7Auf die Bestandskraft von Rücknahme- oder Ablehnungsbescheiden kommt es nicht an. 8Auch wenn gegen die Bescheide das entsprechende Rechtsmittel eingelegt wird, ist eine weitere Behandlung als Deutsche oder Deutscher nicht mehr zulässig. 9Entsprechendes gilt, wenn die Staatsangehörigkeitsbehörde feststellt, dass es sich nicht um einen Deutschen handelt.
10Personen, die vor dem 1. August 1999 den Status nach Art. 116 Abs. 1 GG besaßen, erwarben an diesem Tag nach § 40a des Staatsangehörigkeitsgesetzes die deutsche Staatsangehörigkeit.

2.2.5 Unionsbürgerinnen und Unionsbürger

1Es genügt, wenn die Person am Wahltag Unionsbürgerin oder Unionsbürger ist.

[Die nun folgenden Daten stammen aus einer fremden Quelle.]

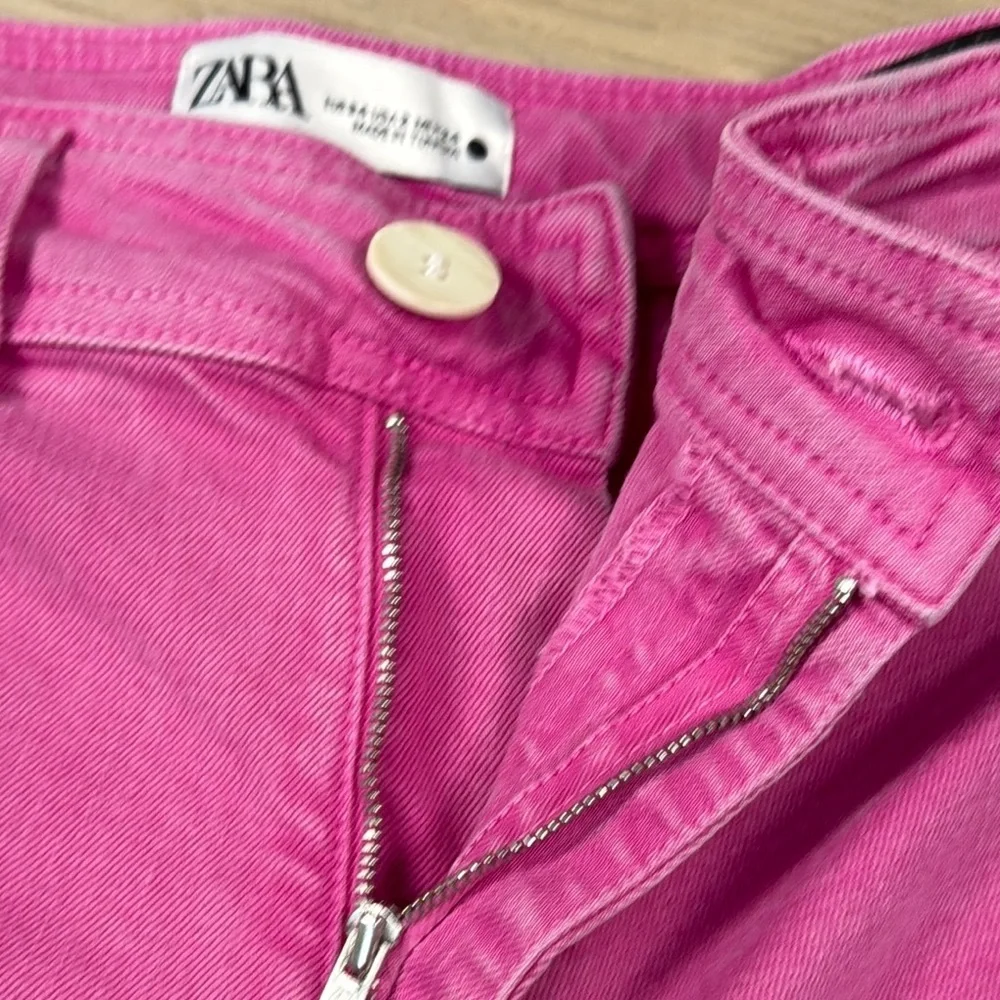 Zara Women's Viral Pink Wide-Leg Jeans Cut Off - Picture 10 of 16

2Die Unionsbürgerschaft ist bei ausländischen Staatsangehörigen nicht in allen Fällen identisch mit der Staatsangehörigkeit von deren Herkunftsmitgliedstaat. 3Hinweise auf den Ausschluss der Unionsbürgerschaft können grundsätzlich dem Melderegister entnommen werden. 4In Zweifelsfällen ist gegebenenfalls durch Rückfrage beim jeweiligen Konsulat zu klären, ob es sich um Unionsbürgerinnen oder Unionsbürger handelt.